** WHAT THE TASK REQUIRES **
Reproduce word for word, from the entries below, the line with "Used 2020 Honda Accord LX image 13", the line with "Parent Palmerston North: babysitting", and every line between them, and nothing more.

** MATERIAL FOR THIS TASK **
%%

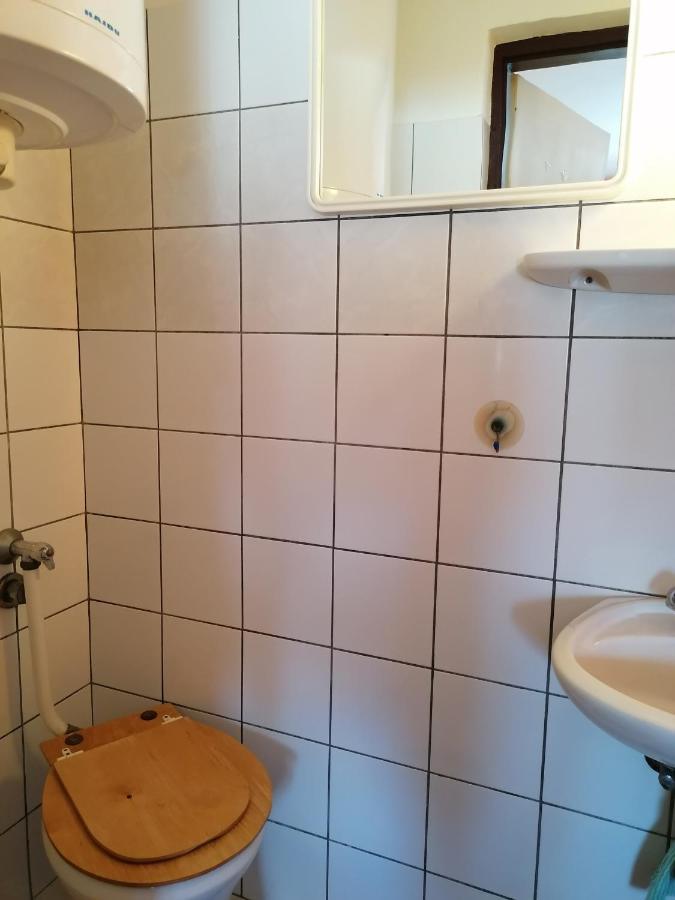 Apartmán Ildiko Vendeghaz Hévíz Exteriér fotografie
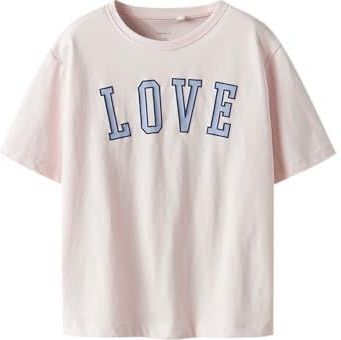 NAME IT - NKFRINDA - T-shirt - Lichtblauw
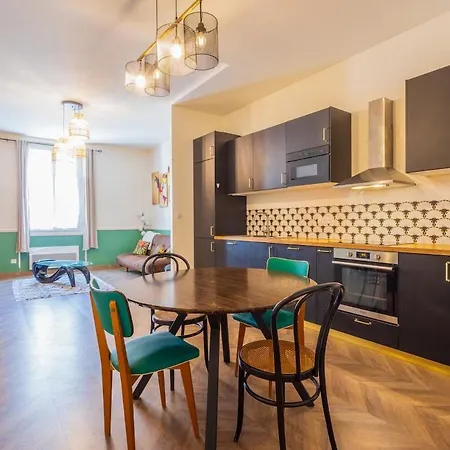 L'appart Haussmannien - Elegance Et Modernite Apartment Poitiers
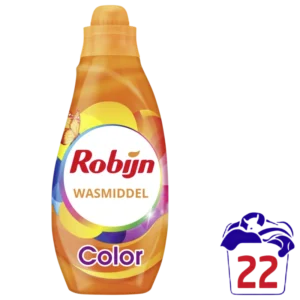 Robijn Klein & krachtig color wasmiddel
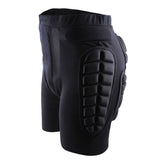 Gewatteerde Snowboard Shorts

%%
%%

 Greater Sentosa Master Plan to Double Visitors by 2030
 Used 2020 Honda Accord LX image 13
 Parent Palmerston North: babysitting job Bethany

%%
%%

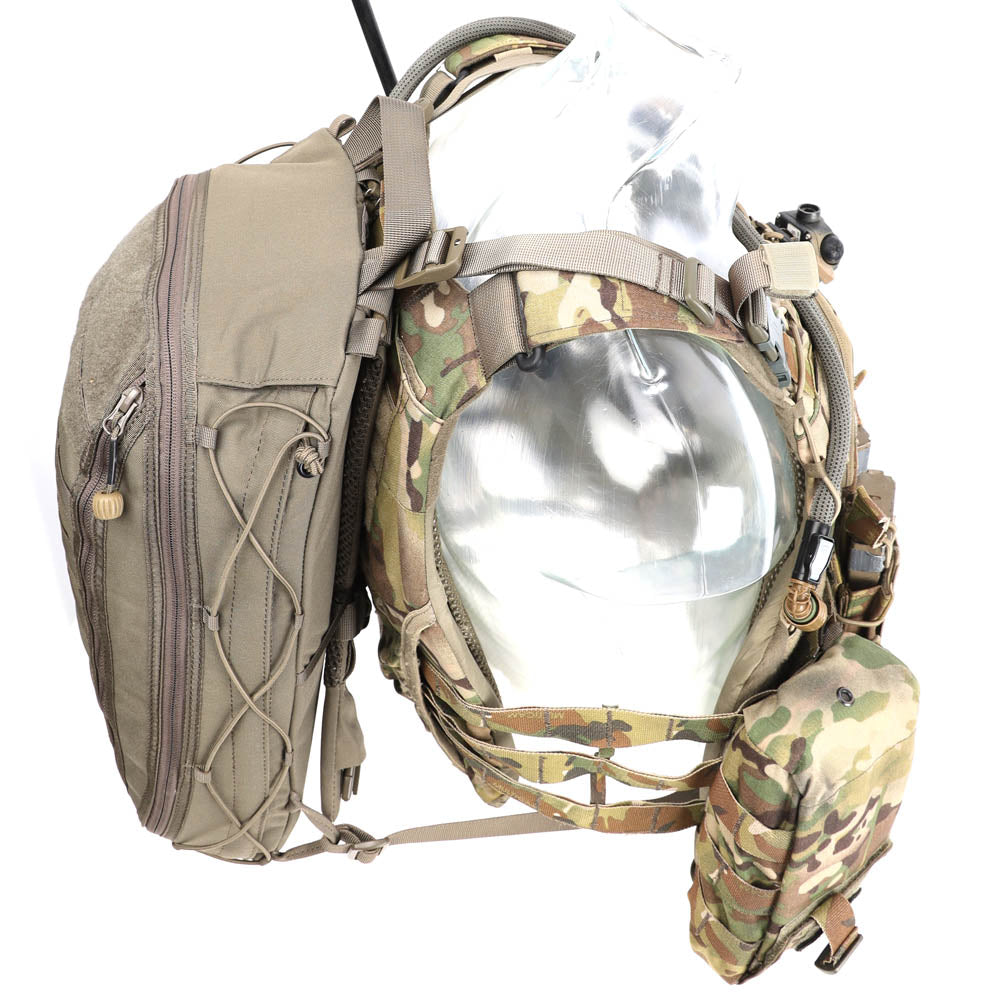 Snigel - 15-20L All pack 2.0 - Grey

%%

** RESPONSE AREA **
 Used 2020 Honda Accord LX image 13
 Parent Palmerston North: babysitting job Bethany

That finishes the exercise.